Exercise description
Take the entries below and reproduce exactly the portion that begins at the line containing "Чернила экосольвентные для" and ends at the line containing "Balle De Baseball", keeping both ends, dropping pictures, and adding nothing else.

Source records

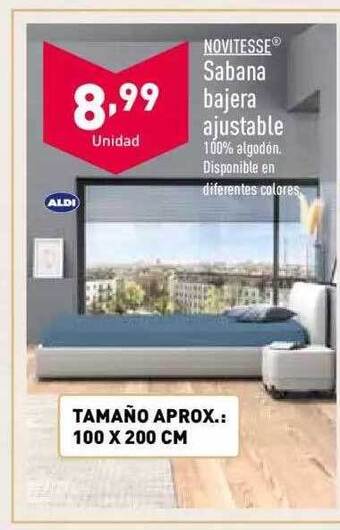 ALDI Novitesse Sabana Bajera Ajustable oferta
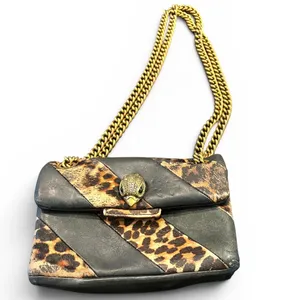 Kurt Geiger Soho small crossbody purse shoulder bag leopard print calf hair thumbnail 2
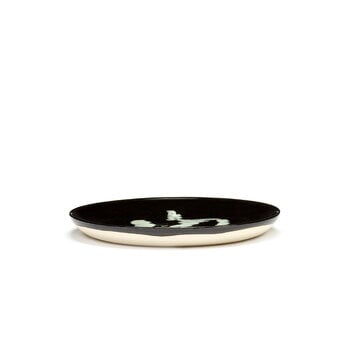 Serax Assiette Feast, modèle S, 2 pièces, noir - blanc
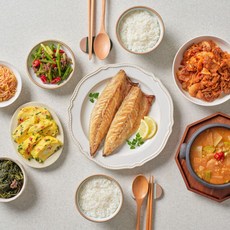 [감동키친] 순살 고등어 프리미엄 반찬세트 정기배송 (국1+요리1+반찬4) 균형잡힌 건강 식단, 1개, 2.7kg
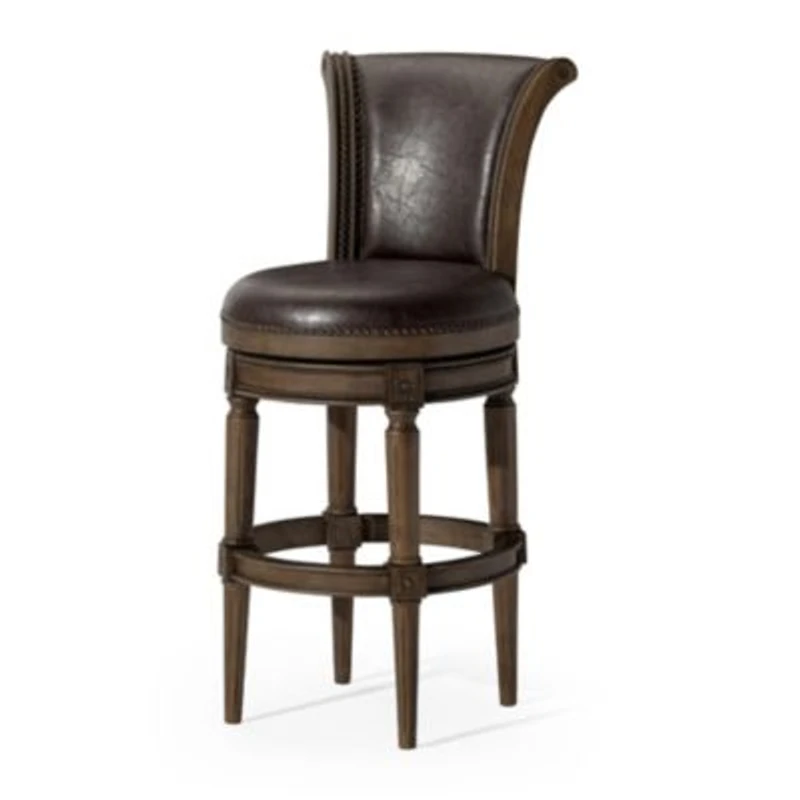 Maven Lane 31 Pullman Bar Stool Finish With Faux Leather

==

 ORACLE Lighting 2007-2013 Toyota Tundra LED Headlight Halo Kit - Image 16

---

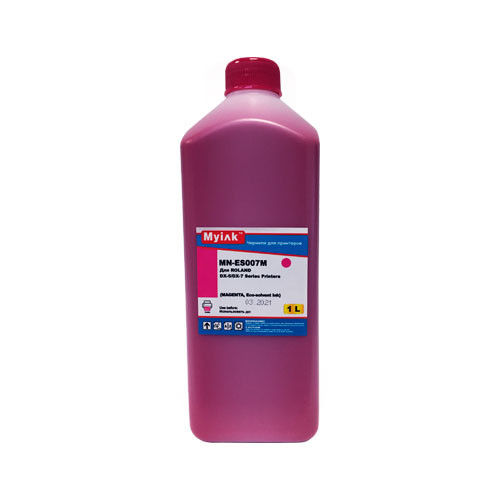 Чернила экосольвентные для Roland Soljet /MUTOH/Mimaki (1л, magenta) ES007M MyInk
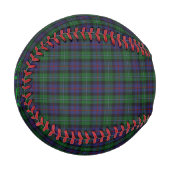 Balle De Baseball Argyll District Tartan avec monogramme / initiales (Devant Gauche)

Solution for this task
 Чернила экосольвентные для Roland Soljet /MUTOH/Mimaki (1л, magenta) ES007M MyInk
 Balle De Baseball Argyll District Tartan avec monogramme / initiales (Devant Gauche)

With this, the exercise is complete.